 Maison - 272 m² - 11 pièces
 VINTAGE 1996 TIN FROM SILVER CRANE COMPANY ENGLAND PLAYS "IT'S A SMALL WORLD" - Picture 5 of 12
= = = = =
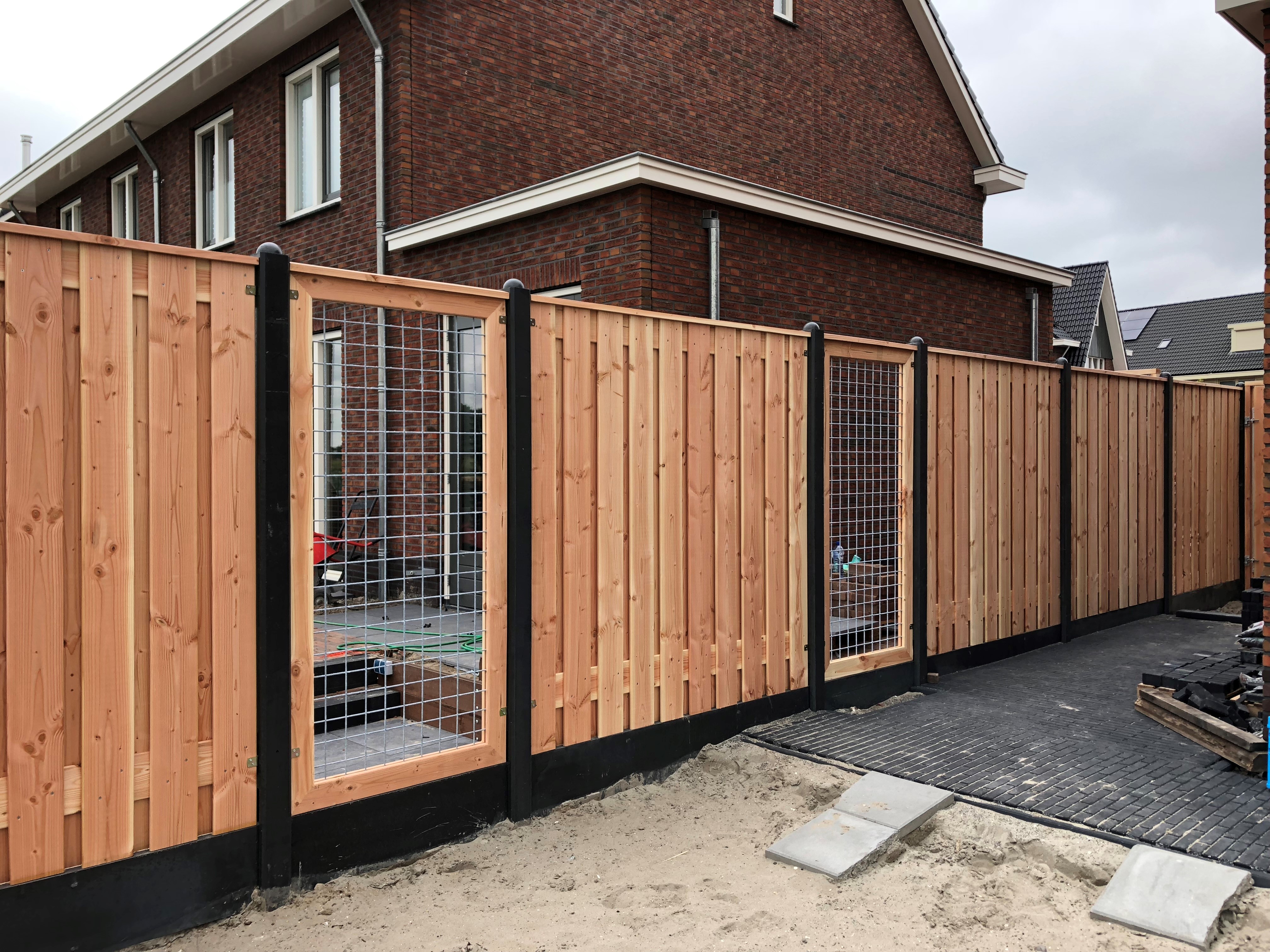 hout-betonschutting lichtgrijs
= = = = =
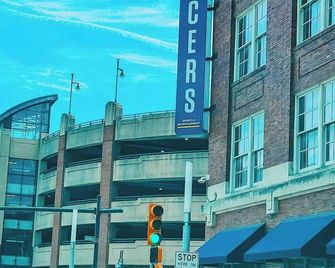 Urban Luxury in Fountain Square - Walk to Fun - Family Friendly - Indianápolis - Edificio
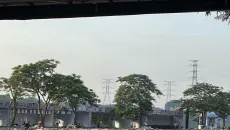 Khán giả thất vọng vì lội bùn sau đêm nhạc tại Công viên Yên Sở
= = = = =
From the records above, transcribe without alteration every line from the one with "Maison - 272 m² - 11 pièces" to the one with "VINTAGE 1996 TIN", inclusive.

 Maison - 272 m² - 11 pièces
 VINTAGE 1996 TIN FROM SILVER CRANE COMPANY ENGLAND PLAYS "IT'S A SMALL WORLD" - Picture 5 of 12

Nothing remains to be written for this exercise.